Exercise instructions:
From the records below, output exactly the lines starting at the line with "Winning Spirit Kid's Fleece Varsity Jacket" and ending at the line with "Pronájem kanceláře, Praha", both of them included, but no pictures.

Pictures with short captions
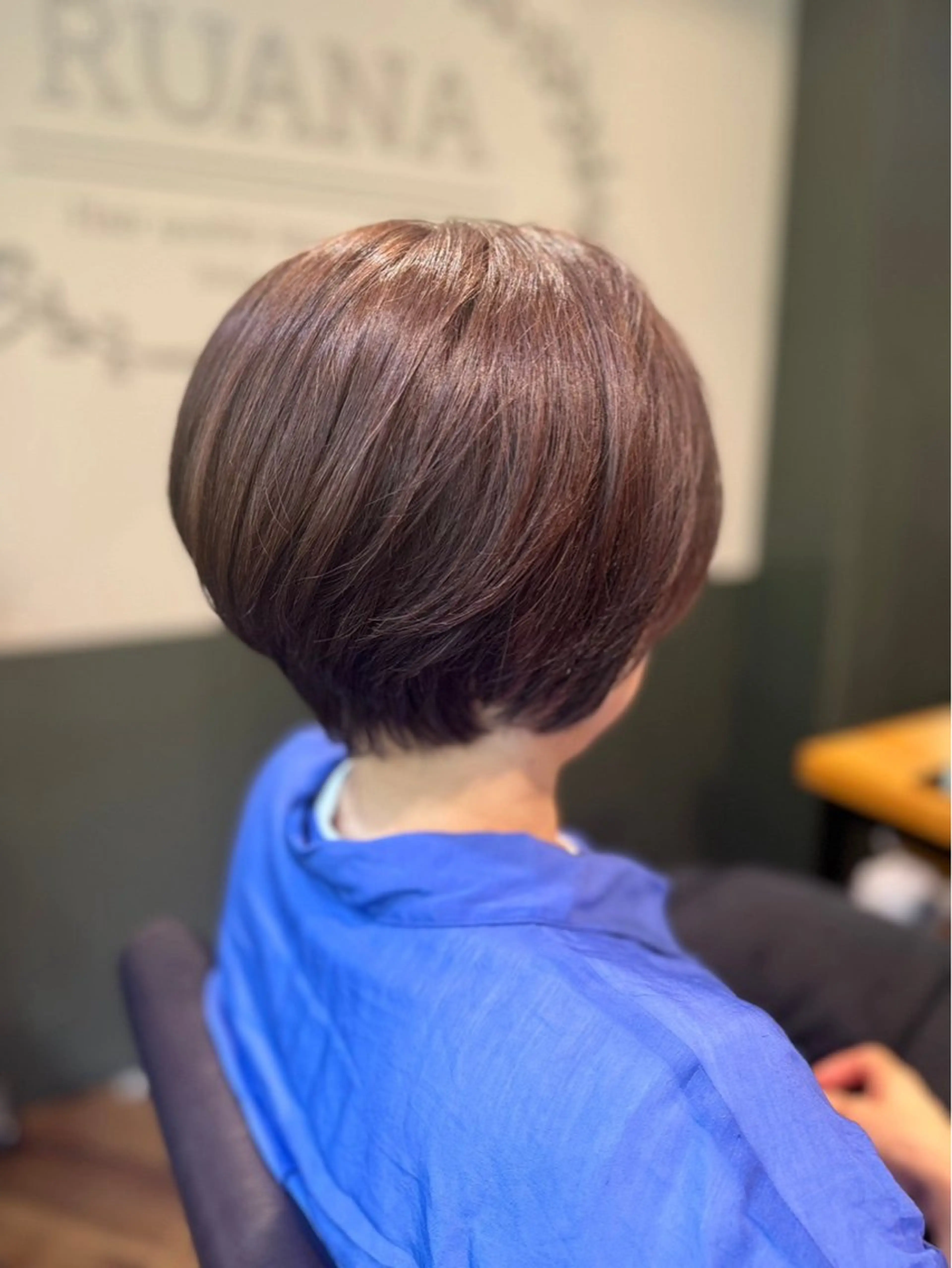 ショート 髪質改善ヘアエステ AInoa RUANA 青山所属・✨️髪質改善 ミヤケのヘアスタイル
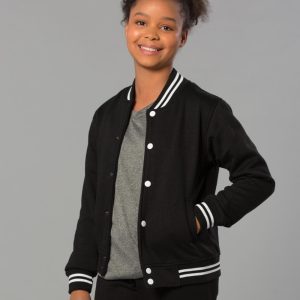 Winning Spirit Kid's Fleece Varsity Jacket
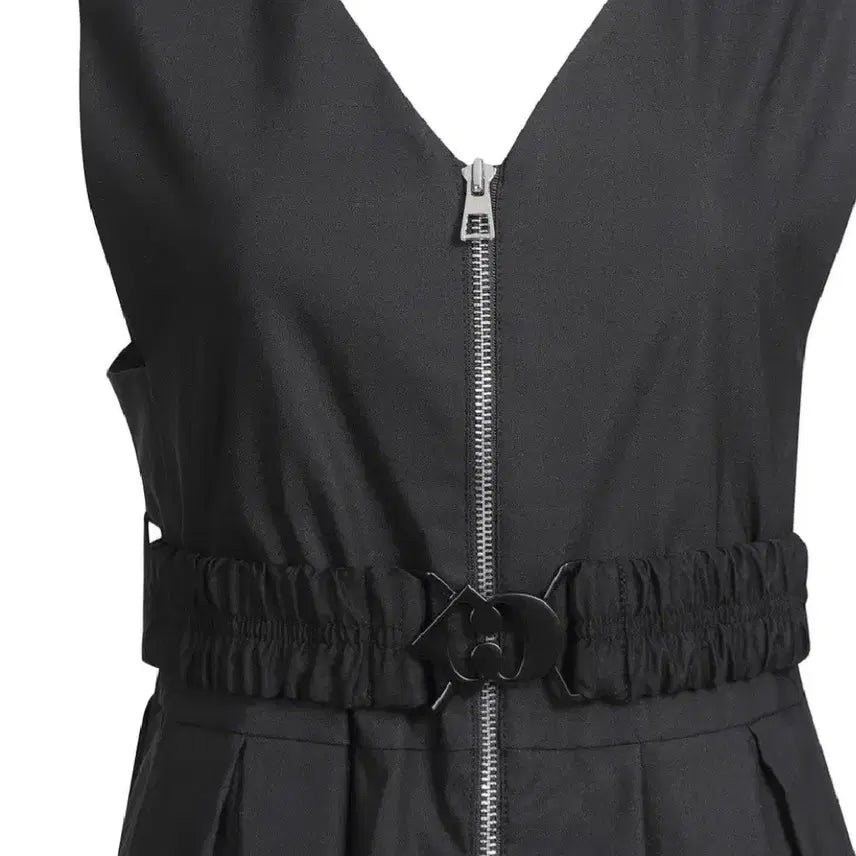 [BUNJANG] Lucky Chouette Black Belt Long Dress / 럭키슈에뜨 블랙 벨트.롱 원피스마지막가격내림(36)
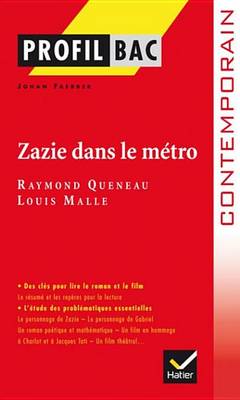 Book cover for Profil - Queneau
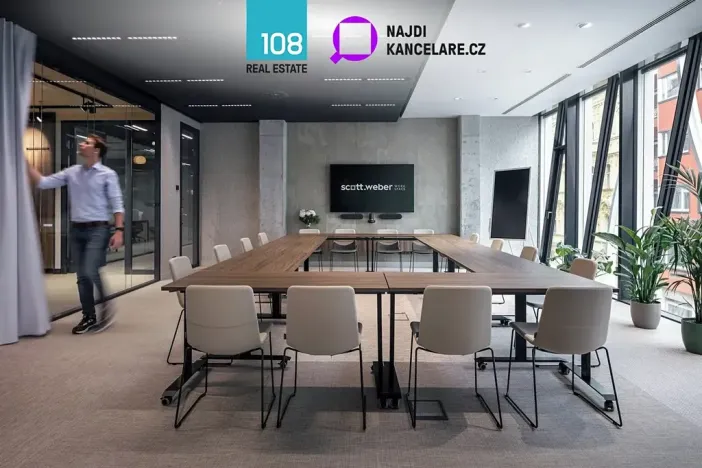 Pronájem kanceláře, Praha - Nové Město, Václavské náměstí, 500 m2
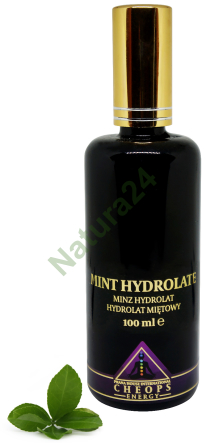 Woda miętowa (hydrolat 100%) 100 ml Produkt Deklastrowany -20%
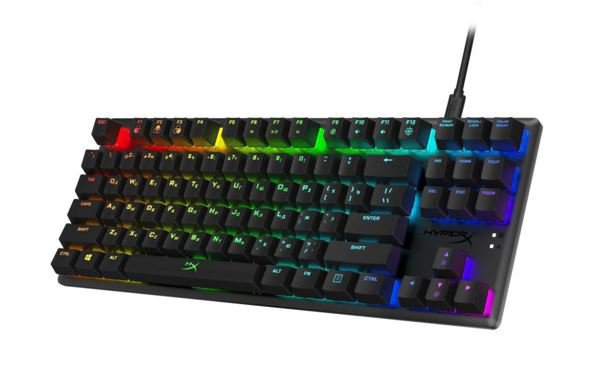 картинка Клавиатура игровая HyperX Alloy Origins Core HX-KB7BLX-RU (4P5P2AX#ACB) от интернет-магазина itsklad.kz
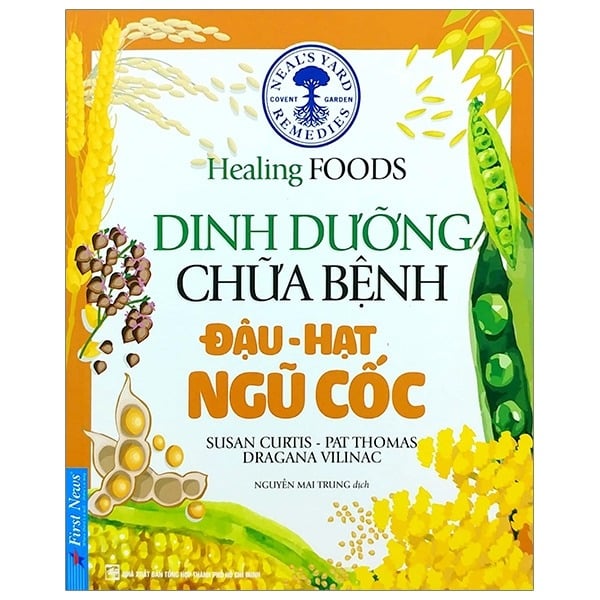Combo 4 Quyển Dinh Dưỡng Chữa Bệnh ( Gia Vị & Thảo Dược + Đậu, Hạt & Ngũ Cốc + Dầu, Cá & Thực Phẩm Lên Men + Trái Cây )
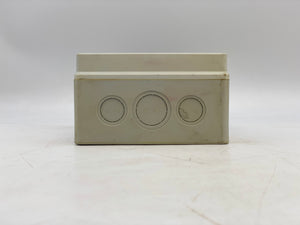 Schneider Electric 3470-744-0600 Thermoplastic Distributor Junction Box (No Box)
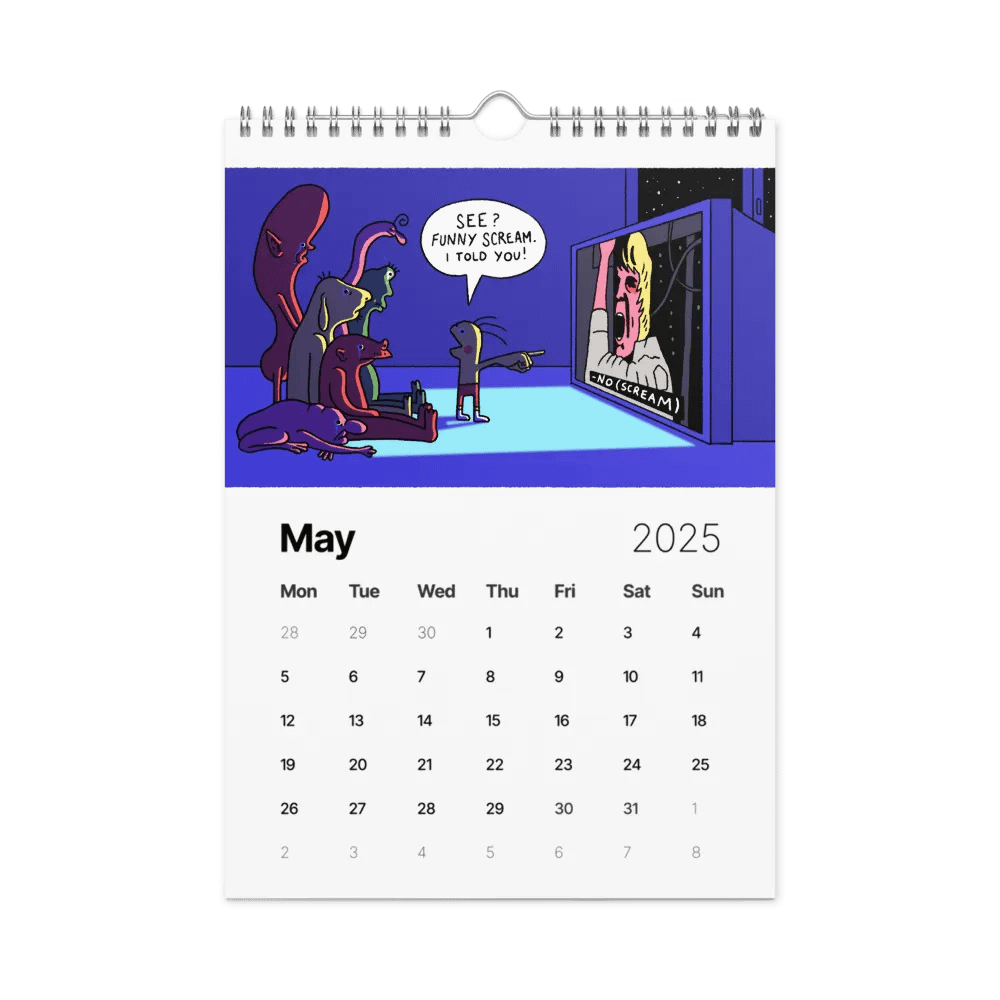 Strange World Calendar 2025 product image (10)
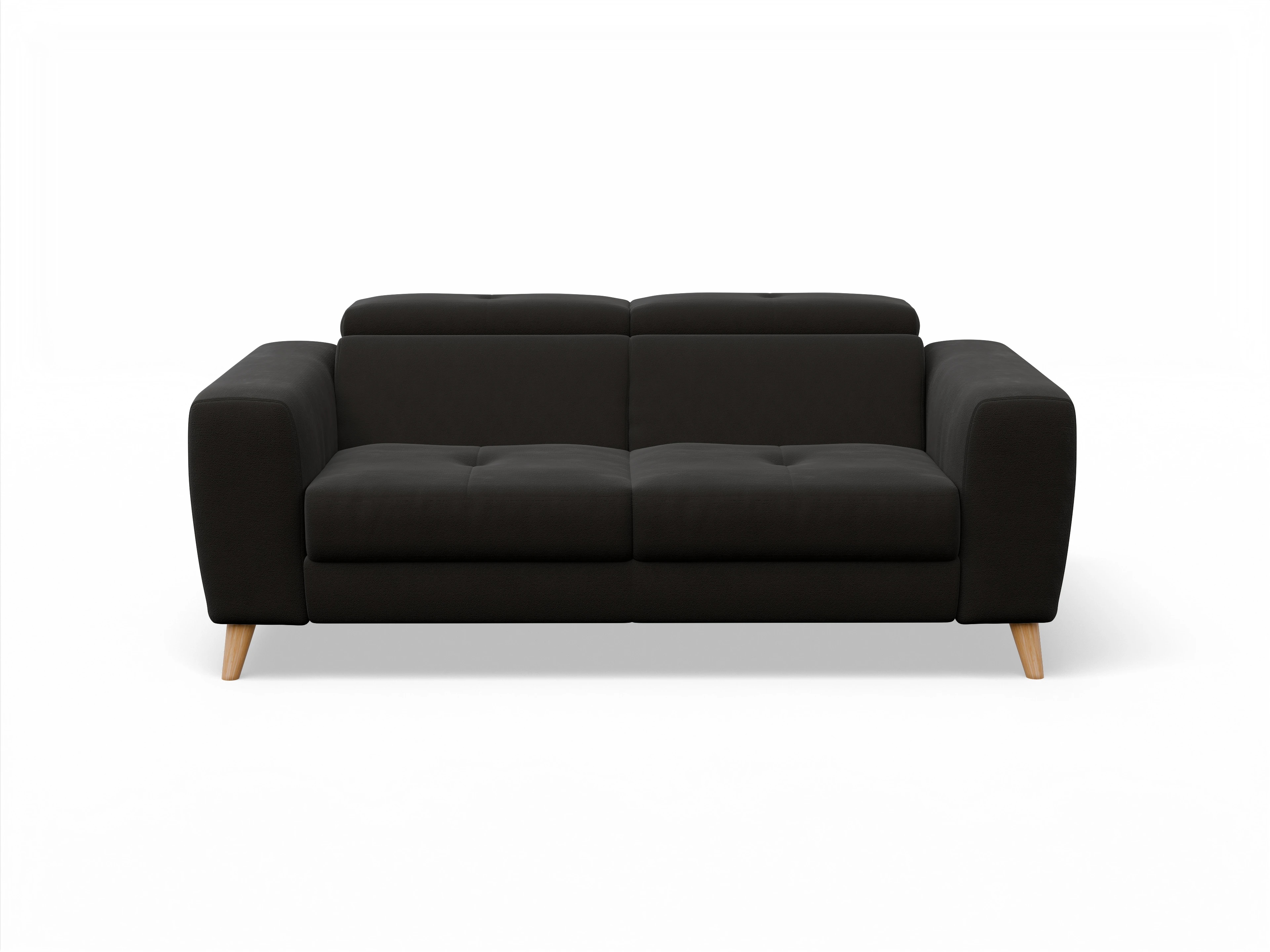 Ansicht des Produktes Capua 2,5-Sitzer Sofa in Stoff Braun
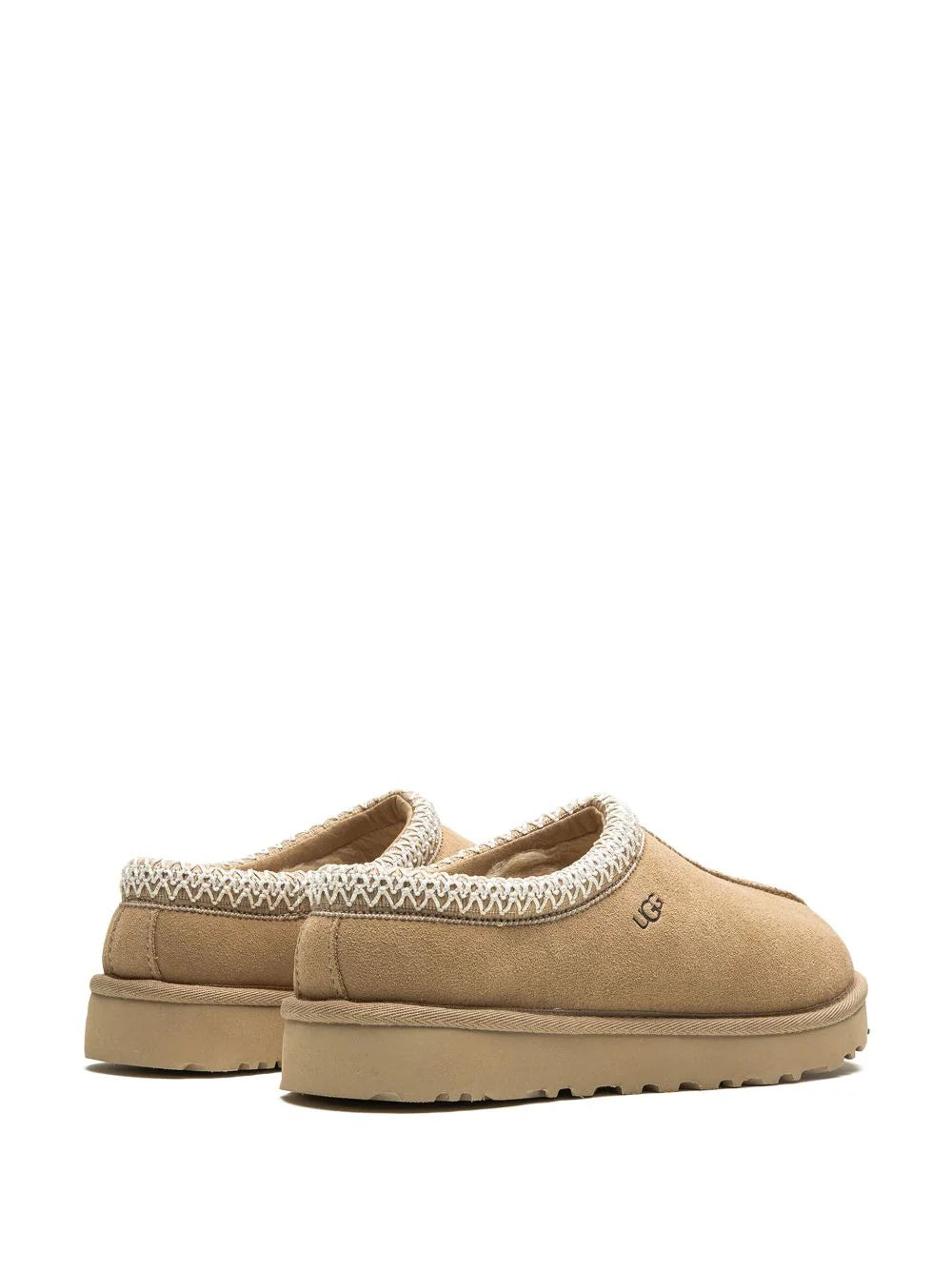 UGG Classic "W Tasmen Beige" Suede Slippers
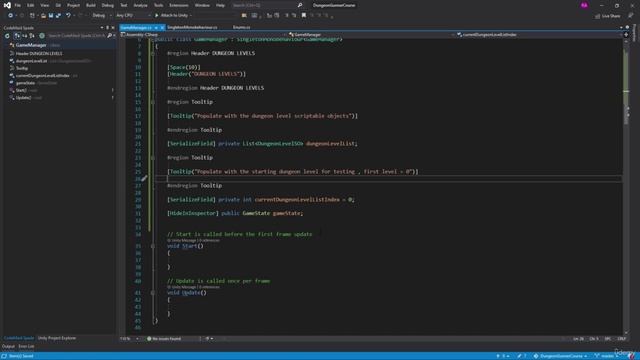 5. Create The Game Manager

Solution to this problem:
 Winning Spirit Kid's Fleece Varsity Jacket
 [BUNJANG] Lucky Chouette Black Belt Long Dress / 럭키슈에뜨 블랙 벨트.롱 원피스마지막가격내림(36)
 Book cover for Profil - Queneau
 Pronájem kanceláře, Praha - Nové Město, Václavské náměstí, 500 m2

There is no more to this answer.